Ergo Myth: Job Rotation Reduces Musculoskeletal Disorders
Job rotation is defined as a systematic procedure that relocates workers between two or more jobs in a workplace. One of the perceived benefits of job rotation is that it will decrease workplace musculoskeletal disorders (MSDs) by reducing the operator’s exposure to high forces, awkward postures, and high frequencies. Today, many safety professionals rely on job rotation as the primary method to reduce MSDs in the workplace.
However, current research has shown that if job rotation is done correctly it has an insignificant impact on workplace MSD reduction. More importantly, if job rotation is not done correctly it can increase workplace MSDs. A study by Jay Kapellusch found that job rotation can increase the likelihood of MSD occurrence by between 25% and 70%.
It can increase the number of operators exposed to the high-risk jobs. For example, if a rotation schedule relocates an employee stationed at a low- or moderate-risk job to a high-risk job, their risk of developing an MSD has now increased.
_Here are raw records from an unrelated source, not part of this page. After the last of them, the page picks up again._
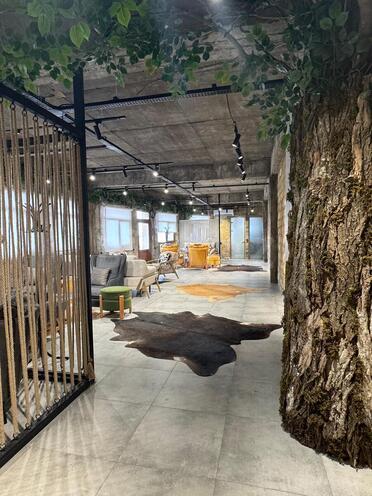 İcarəyə verilir 3 otaqlı ofis 120 m², Şah İsmayıl Xətai m., photo 3 from 10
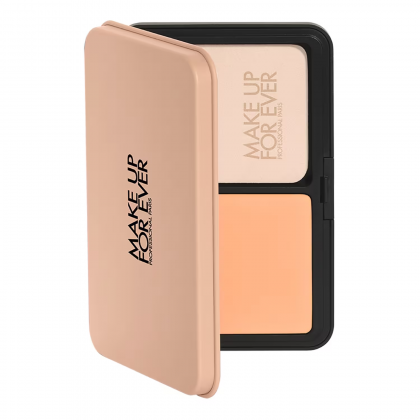 بودرة أساس مات فيلفيت من ميك اب فور ايفر درجة (2Y30) حجم 11غم- HD Skin Matte Velvet Powder Foundation By Make Up For Ever (2Y30)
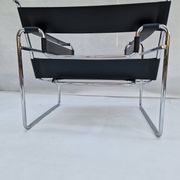 Marcel Breuer - Gavina - Armchair - Wassily Christian Plat Chair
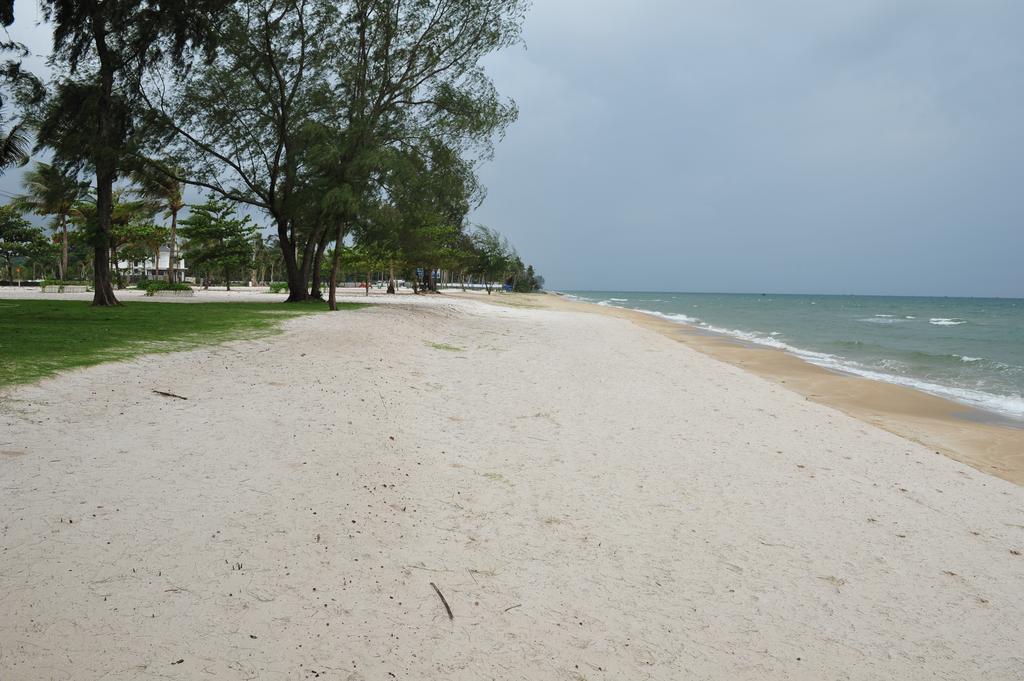 Kosmos Villa Phu Quoc Exterior foto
Tasks within a department may exhibit similar MSD risk factors. For example, if one job in the job rotation cycle results in high-risk on the low back, and that operator rotates to another job that is high-risk on the low back, there is no period of rest for that body segment. In many cases, tasks in a department or on an assembly line exhibit a similar workload pattern. If similar risk factors are present on the same body segments, the operator is not experiencing time for muscular recovery.
Job rotation is considered an administrative approach to MSD risk reduction. However, current research has shown that even when done right it does not have a significant impact on MSD reduction. Therefore, the use of job rotation to reduce the risk of MSDs should be discouraged or at least limited to a temporary solution, until engineering controls can be integrated.